MFIs now follow a stringent code of conduct and customer protection procedures. The collection mechanisms of MFIs are now well regulated and are designed to protect the borrower. Further, regulation has ensured that the MFI product details and terms are well documented, standardized and transparent. Transparency, documentation and standardization should not be confused with rigidity. Some MFIs have expanded their product suite to offer emergency loans, festival loans, water loans, sanitary loans and education loans to existing customers who have a good repayment track record.

The author’s assumptions that rural households are increasingly indebted and that lifestyle changes and needs are driving expenses faster than the real income need to rigorously tested. There is no substantive evidence to assume or conclude that:

  1. Rural households have increasing demand for consumer durables regardless of affordability
  2. Households continue to spend more on rituals even if the expenses are higher than wages
  3. Urbanized lifestyle, which also includes use of electricity, gas stoves, mobile phones and better transport, necessarily means that expenses are increasing more than income.
  4. Households will borrow more to meet increasing expenses rather than looking for alternate source of income or reallocating expenses.

Is microfinance forcing households to borrow more?

The article mentions microcredit as one of the many reasons for over-indebtedness. It would be wrong to assume in the first place that the mere availability of microcredit, or any source of funding for that matter, could cause over-indebtedness. It would directly imply that borrowers do not understand financial management and are ready to ‘consume’ loans thoughtlessly because loans are readily available and further that microfinance lenders are oblivious to the real consequences of such indiscriminate lending.

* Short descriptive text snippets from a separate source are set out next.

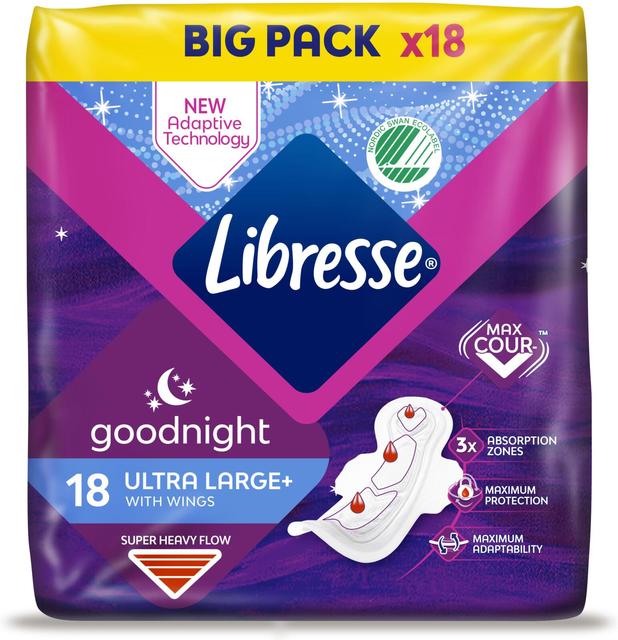 LIBRESSE Night Ultra Large+ wing side 18 kpl Big pack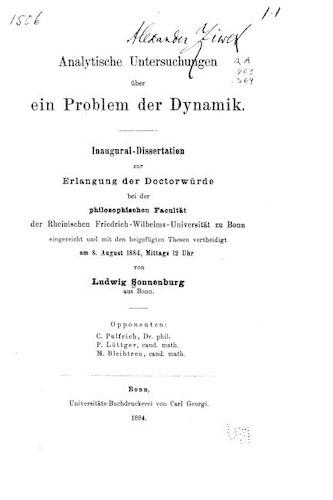 Analytische Untersuchungen Über Ein Problem Der Dynamik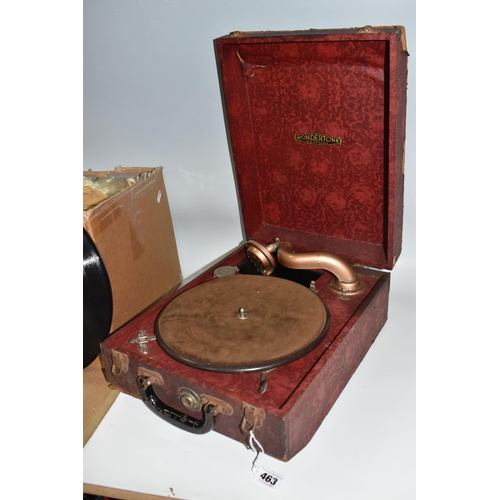 463 - A BOX AND LOOSE GRAMOPHONE AND 78RPM RECORDS, to include a portable Wondertone gramophone, together ... 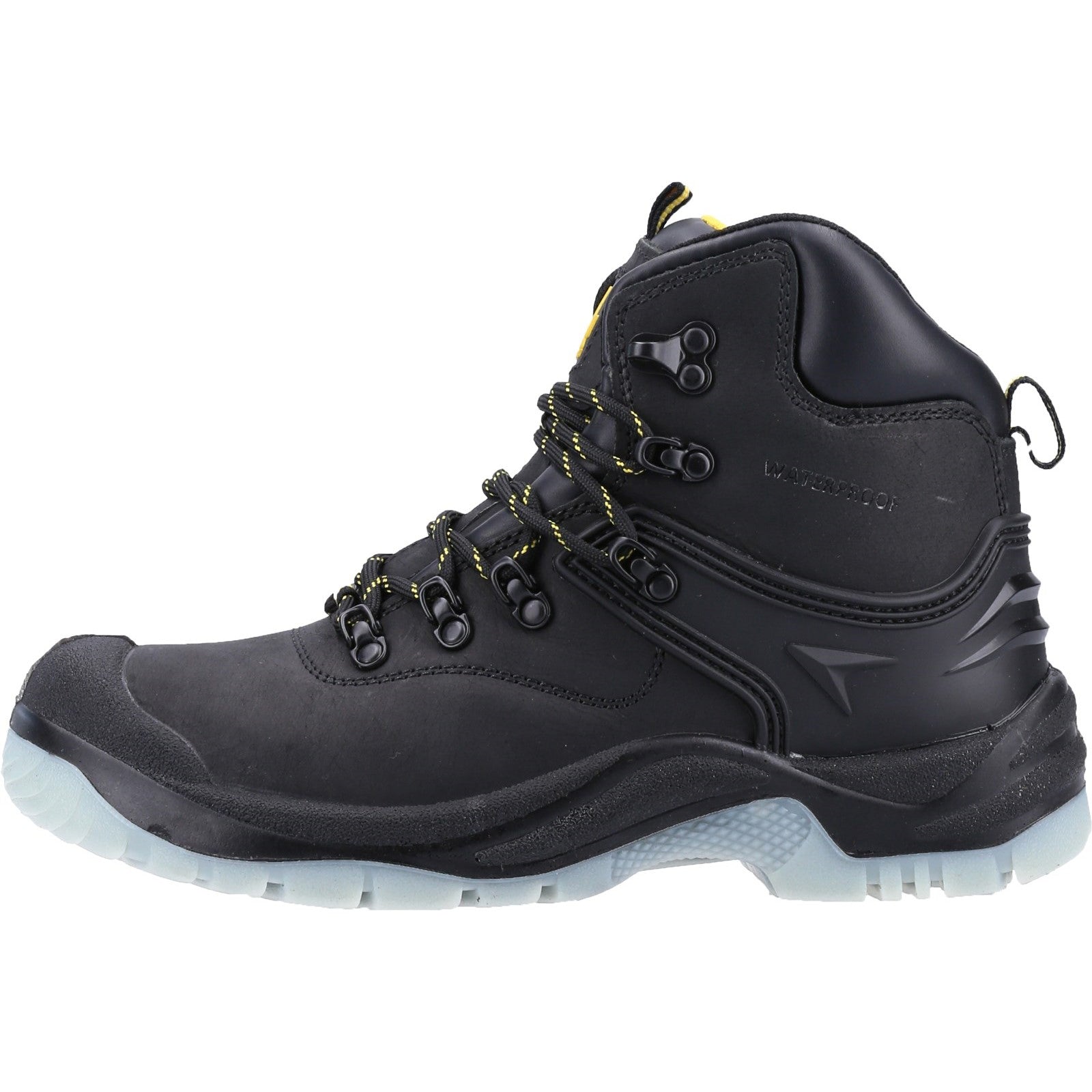 Lifestyle image of the Amblers FS198 safety boot being worn.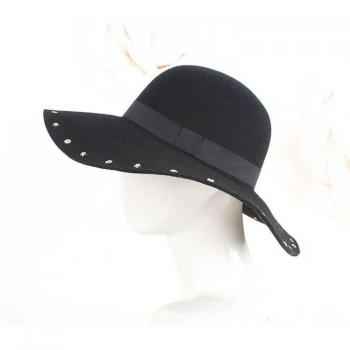 Cool Wool Felt Fedora Hat with Wide Brim for Women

Microcredit is an alternative source of finance to poor households. It is unclear why the author has concluded that households only use microcredit for additional consumption and do not use microcredit to substitute informal debt. Microcredit is cheaper, standardized and transparent whereas informal credit is often very costly, unreliable and riddled with coercive collection mechanisms. In our experience MFIs actively encourage clients to borrow for income generation activities including for micro-enterprises. This is further verified through loan utilization checks. Many MFIs also pursue the complementary objective of livelihood promotion among their borrower base.

Are multiple borrowing options tempting microloan borrowers to default?

The Reserve Bank of India has significantly strengthened the regulatory framework for microfinance lending and also brought in comprehensive measures for customer protection. The Joint Liability Group (‘JLG’) model has acted as a deterrent against willful defaults. as the underwriting is done by the group. With the advent of credit bureau usage, willful defaults have decreased. Borrowers are aware that their credit history is being recorded and preserved by the bureaus and is being used by other MFIs to assess their credit worthiness. The author’s assumption that borrowers have little incentive to repay MFIs is not substantiated by observed behavior and is weak particularly in the new operating environment for MFIs.

Informal finance and social inequality

The question about the potential risks due to informal finance sources raised by the author is based on the assumption that ‘perhaps informal financing is high in south India’. It is unreasonable to state without any supporting data that informal sources of funds are higher or lower in a certain part of India.

Another question that the article raises is the possible link between the social inequalities and mass defaults in microfinance. We have not observed any localized or mass defaults on our portfolio of exposure to MFI partners in or outside Tamil Nadu.

Our portfolio exposure, loan performance data and on-the-field monitoring findings do not lead us to believe that there is a problem of over-indebtedness in Tamil Nadu. Neither do we have reasons to believe that there is any loss of legitimacy or trust that may cause client non-repayment and localized or mass strategic defaults.